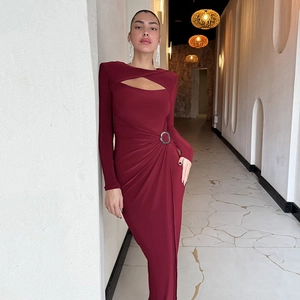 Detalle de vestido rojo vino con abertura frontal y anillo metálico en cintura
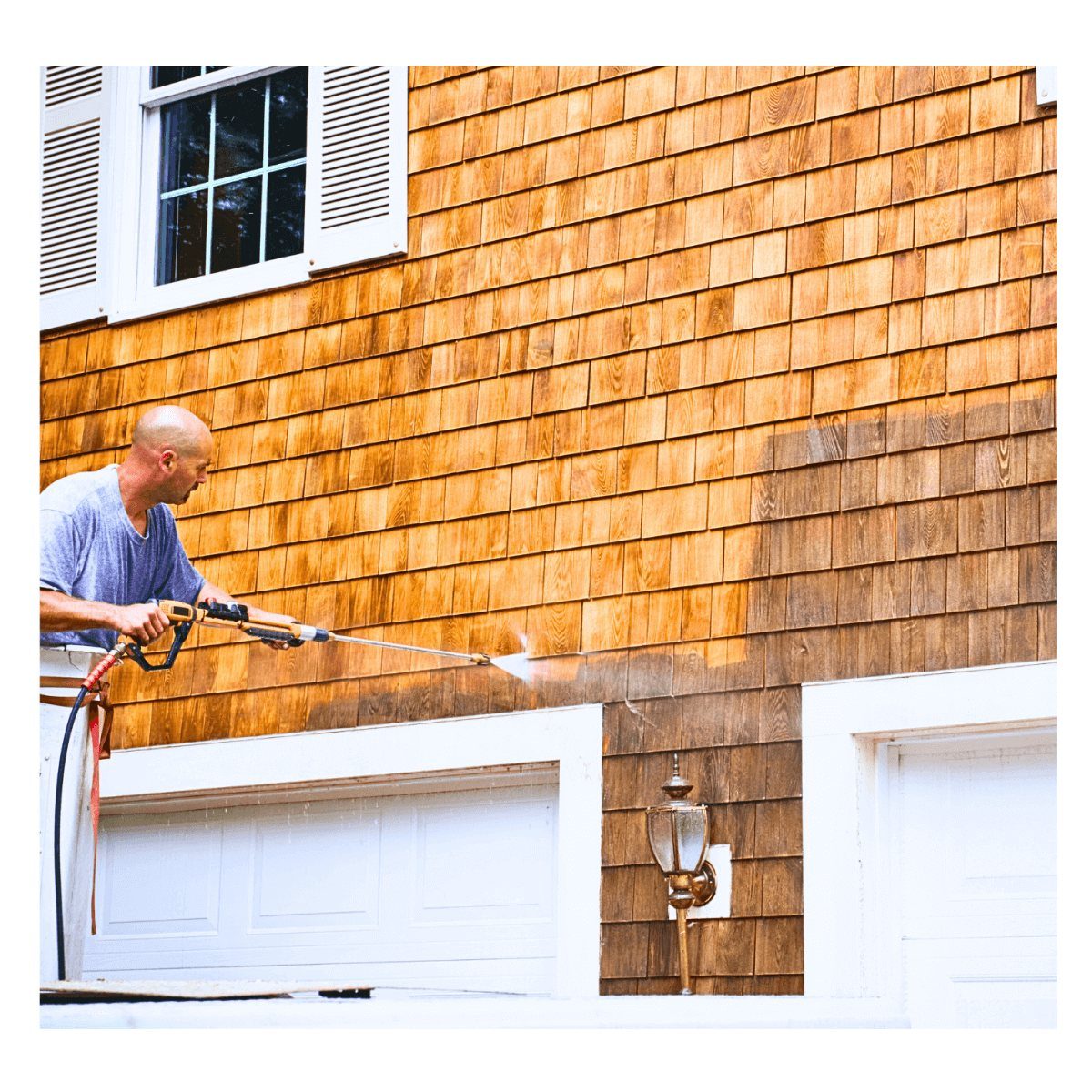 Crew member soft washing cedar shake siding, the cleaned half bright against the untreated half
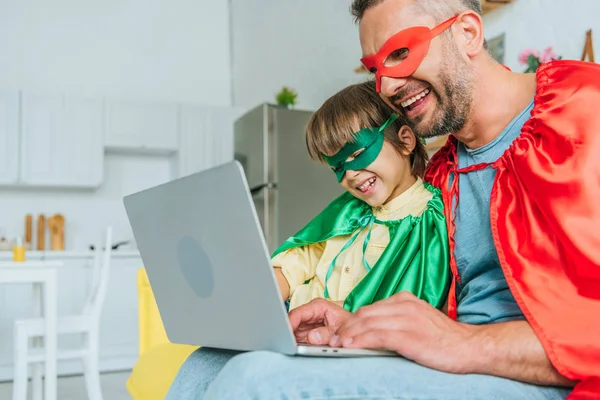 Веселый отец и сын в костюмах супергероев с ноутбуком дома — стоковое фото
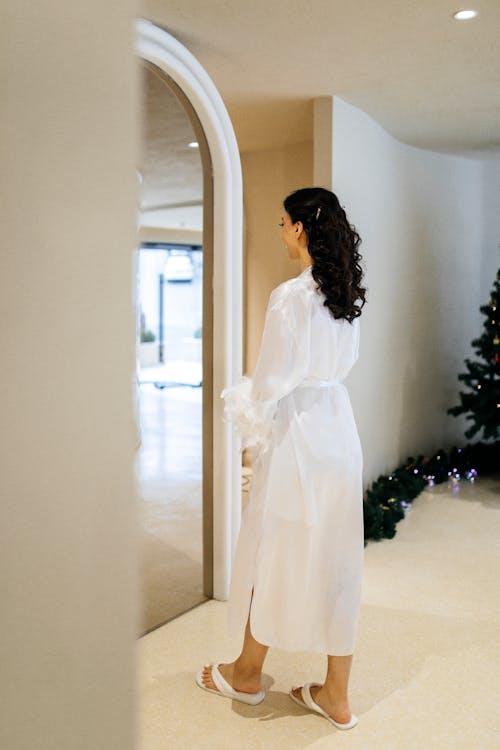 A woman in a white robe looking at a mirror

★ ★ ★

■ **What the exercise asks**: Reproduce the lines from the one with "Веселый отец и" through the end of the data, keeping both end lines, adding nothing, and dropping any pictures.

■ **Response to the exercise**:
 Веселый отец и сын в костюмах супергероев с ноутбуком дома — стоковое фото
 A woman in a white robe looking at a mirror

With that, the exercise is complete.